You've been diagnosed with bow legs and your doctor has recommended bow leg correction surgery. At this point, you probably have plenty of questions about how to prepare for the surgery in order to obtain the best possible outcome. You're right to think about this issue well ahead of time – here are some basics to consider.
What Are Bow Legs?
As you might guess from the name, bow legs is a condition in which the knees are bowed out, so even when your ankles are together, there is space between the knees. A normal condition in infants under the age of two, bow legs usually begin to straighten once the child starts walking. Bow legs can lead to knee problems, joint damage and chronic pain if not treated.
Treatment of Bow Legs
If caught early bow legs can sometimes be treated medically. Braces can help guide bone growth, although it is not effective in all cases and is less effective if treatment is started after the disease has progressed. Surgery is the preferred treatment if the patient doesn't respond to conservative therapy, if the deformity is severe, or in older adolescents and adults who were not treated as children. Guided growth surgery and tibial osteotomy are the two most common surgical procedures.
The Treatment Plan
The doctor will develop a treatment plan to correct your bow legs. He or she will recommend the best surgical method and explain the risks and benefits to you. In many cases, computer imagery can be used to show exactly how the surgery will work and what your legs will look like after they are healed. These programs use your actual X-rays and other diagnostic studies to develop the before and after pictures you will see. Make sure you understand all the issues; ask questions and read any patient education materials.

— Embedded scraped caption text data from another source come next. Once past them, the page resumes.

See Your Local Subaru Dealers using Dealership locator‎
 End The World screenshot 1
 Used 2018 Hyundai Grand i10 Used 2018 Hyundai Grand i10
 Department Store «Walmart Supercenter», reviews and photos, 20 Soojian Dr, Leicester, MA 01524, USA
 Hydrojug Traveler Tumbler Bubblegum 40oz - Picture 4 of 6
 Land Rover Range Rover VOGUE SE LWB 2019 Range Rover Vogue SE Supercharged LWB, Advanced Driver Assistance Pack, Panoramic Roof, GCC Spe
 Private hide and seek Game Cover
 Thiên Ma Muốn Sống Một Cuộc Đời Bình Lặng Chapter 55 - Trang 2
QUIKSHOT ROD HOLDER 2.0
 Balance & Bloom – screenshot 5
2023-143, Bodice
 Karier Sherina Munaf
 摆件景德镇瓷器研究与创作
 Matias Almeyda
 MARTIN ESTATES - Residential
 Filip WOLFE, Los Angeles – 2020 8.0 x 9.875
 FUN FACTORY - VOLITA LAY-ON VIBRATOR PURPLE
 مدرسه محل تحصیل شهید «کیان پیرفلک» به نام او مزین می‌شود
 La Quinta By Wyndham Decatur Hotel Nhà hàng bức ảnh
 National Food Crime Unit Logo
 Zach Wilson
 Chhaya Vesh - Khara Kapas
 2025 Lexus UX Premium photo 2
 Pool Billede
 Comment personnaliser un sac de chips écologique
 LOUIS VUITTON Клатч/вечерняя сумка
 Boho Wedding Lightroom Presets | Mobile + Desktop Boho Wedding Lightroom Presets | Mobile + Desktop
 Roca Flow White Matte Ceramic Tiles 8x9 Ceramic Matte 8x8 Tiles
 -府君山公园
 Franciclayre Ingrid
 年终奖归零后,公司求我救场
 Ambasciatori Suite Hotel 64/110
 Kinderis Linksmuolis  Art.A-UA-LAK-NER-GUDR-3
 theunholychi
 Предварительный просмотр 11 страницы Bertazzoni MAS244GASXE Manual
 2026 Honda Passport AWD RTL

Preparing for Bow Leg Correction Surgery
As with all surgical procedures, you should have a thorough medical examination to rule out possible problems prior to surgery. If you smoke, stop at least two weeks before the surgery. Many surgeons recommend scrubbing the surgical area daily to reduce bacteria that might cause infection. Provide the doctor with a list of all your medications. A preoperative exercise program can promote knee strength and range of motion.
A minor case of bow-leggedness may not be a serious problem, although it may be a cosmetic issue. More serious cases should be treated to prevent problems such as arthritis, joint damage and disability in the future. If you have bow legs and feel you need treatment, you should consult a qualified orthopedic surgeon for recommendations and treatment.